-- Opening Marker --
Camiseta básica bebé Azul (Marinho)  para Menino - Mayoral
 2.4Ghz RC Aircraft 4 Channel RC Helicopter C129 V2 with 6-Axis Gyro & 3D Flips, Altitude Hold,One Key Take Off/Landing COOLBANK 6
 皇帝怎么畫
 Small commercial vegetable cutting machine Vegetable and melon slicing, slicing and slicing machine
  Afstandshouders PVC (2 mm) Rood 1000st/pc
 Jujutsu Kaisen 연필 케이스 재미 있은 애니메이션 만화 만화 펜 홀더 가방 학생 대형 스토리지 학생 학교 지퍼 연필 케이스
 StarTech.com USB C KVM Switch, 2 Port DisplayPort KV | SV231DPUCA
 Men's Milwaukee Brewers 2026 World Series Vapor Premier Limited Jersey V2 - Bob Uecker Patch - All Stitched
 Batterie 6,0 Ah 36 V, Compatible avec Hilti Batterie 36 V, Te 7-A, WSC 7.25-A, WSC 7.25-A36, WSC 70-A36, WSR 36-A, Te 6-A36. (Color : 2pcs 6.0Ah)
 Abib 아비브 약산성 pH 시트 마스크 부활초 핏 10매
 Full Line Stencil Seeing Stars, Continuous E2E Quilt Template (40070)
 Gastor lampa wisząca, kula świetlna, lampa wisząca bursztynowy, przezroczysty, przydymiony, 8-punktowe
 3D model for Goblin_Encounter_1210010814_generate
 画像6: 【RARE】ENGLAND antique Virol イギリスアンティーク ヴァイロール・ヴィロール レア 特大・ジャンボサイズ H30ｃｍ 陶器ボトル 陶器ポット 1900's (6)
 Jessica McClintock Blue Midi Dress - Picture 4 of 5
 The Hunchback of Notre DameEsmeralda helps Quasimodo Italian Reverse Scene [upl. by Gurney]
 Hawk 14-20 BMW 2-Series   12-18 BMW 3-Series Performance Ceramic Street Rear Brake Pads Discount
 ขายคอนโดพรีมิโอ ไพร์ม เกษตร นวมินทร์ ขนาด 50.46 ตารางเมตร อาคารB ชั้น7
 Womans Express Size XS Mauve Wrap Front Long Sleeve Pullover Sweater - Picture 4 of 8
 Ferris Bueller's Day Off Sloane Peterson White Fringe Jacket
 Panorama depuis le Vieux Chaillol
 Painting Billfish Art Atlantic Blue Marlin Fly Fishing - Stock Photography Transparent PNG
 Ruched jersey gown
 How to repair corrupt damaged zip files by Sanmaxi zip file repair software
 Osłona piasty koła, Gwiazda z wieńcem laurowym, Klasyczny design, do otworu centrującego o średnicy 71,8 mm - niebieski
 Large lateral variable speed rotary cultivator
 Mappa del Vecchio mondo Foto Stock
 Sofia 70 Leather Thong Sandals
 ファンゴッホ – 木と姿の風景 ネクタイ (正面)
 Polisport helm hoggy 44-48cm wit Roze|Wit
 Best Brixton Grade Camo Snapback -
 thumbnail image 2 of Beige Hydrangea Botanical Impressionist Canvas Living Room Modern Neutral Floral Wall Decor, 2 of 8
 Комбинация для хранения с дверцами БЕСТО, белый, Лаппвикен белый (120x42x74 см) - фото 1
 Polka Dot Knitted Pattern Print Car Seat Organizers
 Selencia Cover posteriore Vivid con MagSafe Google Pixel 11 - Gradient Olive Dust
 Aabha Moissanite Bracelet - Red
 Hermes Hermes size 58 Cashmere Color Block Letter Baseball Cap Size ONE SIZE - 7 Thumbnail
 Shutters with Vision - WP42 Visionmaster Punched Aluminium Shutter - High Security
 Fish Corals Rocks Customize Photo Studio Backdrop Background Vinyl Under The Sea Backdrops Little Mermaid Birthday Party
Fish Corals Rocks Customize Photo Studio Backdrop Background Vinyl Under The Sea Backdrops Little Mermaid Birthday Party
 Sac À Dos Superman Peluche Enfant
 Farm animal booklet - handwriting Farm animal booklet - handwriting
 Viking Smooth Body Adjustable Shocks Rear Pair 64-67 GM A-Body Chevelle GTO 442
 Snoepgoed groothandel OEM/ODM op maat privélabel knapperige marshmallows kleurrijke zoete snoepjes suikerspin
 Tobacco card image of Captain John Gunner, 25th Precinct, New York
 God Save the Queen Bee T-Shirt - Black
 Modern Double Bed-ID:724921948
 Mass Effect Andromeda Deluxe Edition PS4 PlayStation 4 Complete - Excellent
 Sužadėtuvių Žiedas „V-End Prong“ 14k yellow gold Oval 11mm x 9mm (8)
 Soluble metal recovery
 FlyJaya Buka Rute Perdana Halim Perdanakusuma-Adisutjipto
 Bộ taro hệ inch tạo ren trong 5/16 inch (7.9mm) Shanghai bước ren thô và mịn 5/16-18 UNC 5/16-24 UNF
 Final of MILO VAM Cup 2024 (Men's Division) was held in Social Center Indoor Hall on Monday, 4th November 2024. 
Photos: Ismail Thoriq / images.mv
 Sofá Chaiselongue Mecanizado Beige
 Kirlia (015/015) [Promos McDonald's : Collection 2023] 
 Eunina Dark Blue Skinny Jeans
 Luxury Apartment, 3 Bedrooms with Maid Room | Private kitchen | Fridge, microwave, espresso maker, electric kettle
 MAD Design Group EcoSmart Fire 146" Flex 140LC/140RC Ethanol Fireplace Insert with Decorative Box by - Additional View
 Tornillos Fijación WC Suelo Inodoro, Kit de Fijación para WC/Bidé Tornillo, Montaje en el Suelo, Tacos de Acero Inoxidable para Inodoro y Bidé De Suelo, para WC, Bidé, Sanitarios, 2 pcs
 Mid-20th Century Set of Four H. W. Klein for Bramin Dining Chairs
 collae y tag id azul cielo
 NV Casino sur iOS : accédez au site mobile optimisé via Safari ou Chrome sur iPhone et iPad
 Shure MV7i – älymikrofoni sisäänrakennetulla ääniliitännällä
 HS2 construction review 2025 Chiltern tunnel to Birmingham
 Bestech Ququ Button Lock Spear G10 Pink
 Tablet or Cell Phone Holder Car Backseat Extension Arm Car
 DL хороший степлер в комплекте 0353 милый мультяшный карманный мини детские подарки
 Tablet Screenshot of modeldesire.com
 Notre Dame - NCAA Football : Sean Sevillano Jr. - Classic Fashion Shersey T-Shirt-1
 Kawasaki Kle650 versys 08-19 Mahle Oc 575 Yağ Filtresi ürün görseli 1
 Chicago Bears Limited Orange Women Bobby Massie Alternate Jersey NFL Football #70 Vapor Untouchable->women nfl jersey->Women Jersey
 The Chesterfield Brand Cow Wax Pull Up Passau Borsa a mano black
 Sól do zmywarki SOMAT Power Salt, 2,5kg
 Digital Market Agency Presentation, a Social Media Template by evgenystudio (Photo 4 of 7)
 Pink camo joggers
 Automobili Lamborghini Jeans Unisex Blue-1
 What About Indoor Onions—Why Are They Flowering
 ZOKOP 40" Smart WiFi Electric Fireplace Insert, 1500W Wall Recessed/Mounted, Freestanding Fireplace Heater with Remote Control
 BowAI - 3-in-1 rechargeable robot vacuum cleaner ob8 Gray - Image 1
-- Closing Marker --
Transcribe each record exactly. Leave nothing out.

Camiseta básica bebé Azul (Marinho)  para Menino - Mayoral
 2.4Ghz RC Aircraft 4 Channel RC Helicopter C129 V2 with 6-Axis Gyro & 3D Flips, Altitude Hold,One Key Take Off/Landing COOLBANK 6
 皇帝怎么畫
 Small commercial vegetable cutting machine Vegetable and melon slicing, slicing and slicing machine
  Afstandshouders PVC (2 mm) Rood 1000st/pc
 Jujutsu Kaisen 연필 케이스 재미 있은 애니메이션 만화 만화 펜 홀더 가방 학생 대형 스토리지 학생 학교 지퍼 연필 케이스
 StarTech.com USB C KVM Switch, 2 Port DisplayPort KV | SV231DPUCA
 Men's Milwaukee Brewers 2026 World Series Vapor Premier Limited Jersey V2 - Bob Uecker Patch - All Stitched
 Batterie 6,0 Ah 36 V, Compatible avec Hilti Batterie 36 V, Te 7-A, WSC 7.25-A, WSC 7.25-A36, WSC 70-A36, WSR 36-A, Te 6-A36. (Color : 2pcs 6.0Ah)
 Abib 아비브 약산성 pH 시트 마스크 부활초 핏 10매
 Full Line Stencil Seeing Stars, Continuous E2E Quilt Template (40070)
 Gastor lampa wisząca, kula świetlna, lampa wisząca bursztynowy, przezroczysty, przydymiony, 8-punktowe
 3D model for Goblin_Encounter_1210010814_generate
 画像6: 【RARE】ENGLAND antique Virol イギリスアンティーク ヴァイロール・ヴィロール レア 特大・ジャンボサイズ H30ｃｍ 陶器ボトル 陶器ポット 1900's (6)
 Jessica McClintock Blue Midi Dress - Picture 4 of 5
 The Hunchback of Notre DameEsmeralda helps Quasimodo Italian Reverse Scene [upl. by Gurney]
 Hawk 14-20 BMW 2-Series   12-18 BMW 3-Series Performance Ceramic Street Rear Brake Pads Discount
 ขายคอนโดพรีมิโอ ไพร์ม เกษตร นวมินทร์ ขนาด 50.46 ตารางเมตร อาคารB ชั้น7
 Womans Express Size XS Mauve Wrap Front Long Sleeve Pullover Sweater - Picture 4 of 8
 Ferris Bueller's Day Off Sloane Peterson White Fringe Jacket
 Panorama depuis le Vieux Chaillol
 Painting Billfish Art Atlantic Blue Marlin Fly Fishing - Stock Photography Transparent PNG
 Ruched jersey gown
 How to repair corrupt damaged zip files by Sanmaxi zip file repair software
 Osłona piasty koła, Gwiazda z wieńcem laurowym, Klasyczny design, do otworu centrującego o średnicy 71,8 mm - niebieski
 Large lateral variable speed rotary cultivator
 Mappa del Vecchio mondo Foto Stock
 Sofia 70 Leather Thong Sandals
 ファンゴッホ – 木と姿の風景 ネクタイ (正面)
 Polisport helm hoggy 44-48cm wit Roze|Wit
 Best Brixton Grade Camo Snapback -
 thumbnail image 2 of Beige Hydrangea Botanical Impressionist Canvas Living Room Modern Neutral Floral Wall Decor, 2 of 8
 Комбинация для хранения с дверцами БЕСТО, белый, Лаппвикен белый (120x42x74 см) - фото 1
 Polka Dot Knitted Pattern Print Car Seat Organizers
 Selencia Cover posteriore Vivid con MagSafe Google Pixel 11 - Gradient Olive Dust
 Aabha Moissanite Bracelet - Red
 Hermes Hermes size 58 Cashmere Color Block Letter Baseball Cap Size ONE SIZE - 7 Thumbnail
 Shutters with Vision - WP42 Visionmaster Punched Aluminium Shutter - High Security
 Fish Corals Rocks Customize Photo Studio Backdrop Background Vinyl Under The Sea Backdrops Little Mermaid Birthday Party
Fish Corals Rocks Customize Photo Studio Backdrop Background Vinyl Under The Sea Backdrops Little Mermaid Birthday Party
 Sac À Dos Superman Peluche Enfant
 Farm animal booklet - handwriting Farm animal booklet - handwriting
 Viking Smooth Body Adjustable Shocks Rear Pair 64-67 GM A-Body Chevelle GTO 442
 Snoepgoed groothandel OEM/ODM op maat privélabel knapperige marshmallows kleurrijke zoete snoepjes suikerspin
 Tobacco card image of Captain John Gunner, 25th Precinct, New York
 God Save the Queen Bee T-Shirt - Black
 Modern Double Bed-ID:724921948
 Mass Effect Andromeda Deluxe Edition PS4 PlayStation 4 Complete - Excellent
 Sužadėtuvių Žiedas „V-End Prong“ 14k yellow gold Oval 11mm x 9mm (8)
 Soluble metal recovery
 FlyJaya Buka Rute Perdana Halim Perdanakusuma-Adisutjipto
 Bộ taro hệ inch tạo ren trong 5/16 inch (7.9mm) Shanghai bước ren thô và mịn 5/16-18 UNC 5/16-24 UNF
 Final of MILO VAM Cup 2024 (Men's Division) was held in Social Center Indoor Hall on Monday, 4th November 2024. 
Photos: Ismail Thoriq / images.mv
 Sofá Chaiselongue Mecanizado Beige
 Kirlia (015/015) [Promos McDonald's : Collection 2023] 
 Eunina Dark Blue Skinny Jeans
 Luxury Apartment, 3 Bedrooms with Maid Room | Private kitchen | Fridge, microwave, espresso maker, electric kettle
 MAD Design Group EcoSmart Fire 146" Flex 140LC/140RC Ethanol Fireplace Insert with Decorative Box by - Additional View
 Tornillos Fijación WC Suelo Inodoro, Kit de Fijación para WC/Bidé Tornillo, Montaje en el Suelo, Tacos de Acero Inoxidable para Inodoro y Bidé De Suelo, para WC, Bidé, Sanitarios, 2 pcs
 Mid-20th Century Set of Four H. W. Klein for Bramin Dining Chairs
 collae y tag id azul cielo
 NV Casino sur iOS : accédez au site mobile optimisé via Safari ou Chrome sur iPhone et iPad
 Shure MV7i – älymikrofoni sisäänrakennetulla ääniliitännällä
 HS2 construction review 2025 Chiltern tunnel to Birmingham
 Bestech Ququ Button Lock Spear G10 Pink
 Tablet or Cell Phone Holder Car Backseat Extension Arm Car
 DL хороший степлер в комплекте 0353 милый мультяшный карманный мини детские подарки
 Tablet Screenshot of modeldesire.com
 Notre Dame - NCAA Football : Sean Sevillano Jr. - Classic Fashion Shersey T-Shirt-1
 Kawasaki Kle650 versys 08-19 Mahle Oc 575 Yağ Filtresi ürün görseli 1
 Chicago Bears Limited Orange Women Bobby Massie Alternate Jersey NFL Football #70 Vapor Untouchable->women nfl jersey->Women Jersey
 The Chesterfield Brand Cow Wax Pull Up Passau Borsa a mano black
 Sól do zmywarki SOMAT Power Salt, 2,5kg
 Digital Market Agency Presentation, a Social Media Template by evgenystudio (Photo 4 of 7)
 Pink camo joggers
 Automobili Lamborghini Jeans Unisex Blue-1
 What About Indoor Onions—Why Are They Flowering
 ZOKOP 40" Smart WiFi Electric Fireplace Insert, 1500W Wall Recessed/Mounted, Freestanding Fireplace Heater with Remote Control
 BowAI - 3-in-1 rechargeable robot vacuum cleaner ob8 Gray - Image 1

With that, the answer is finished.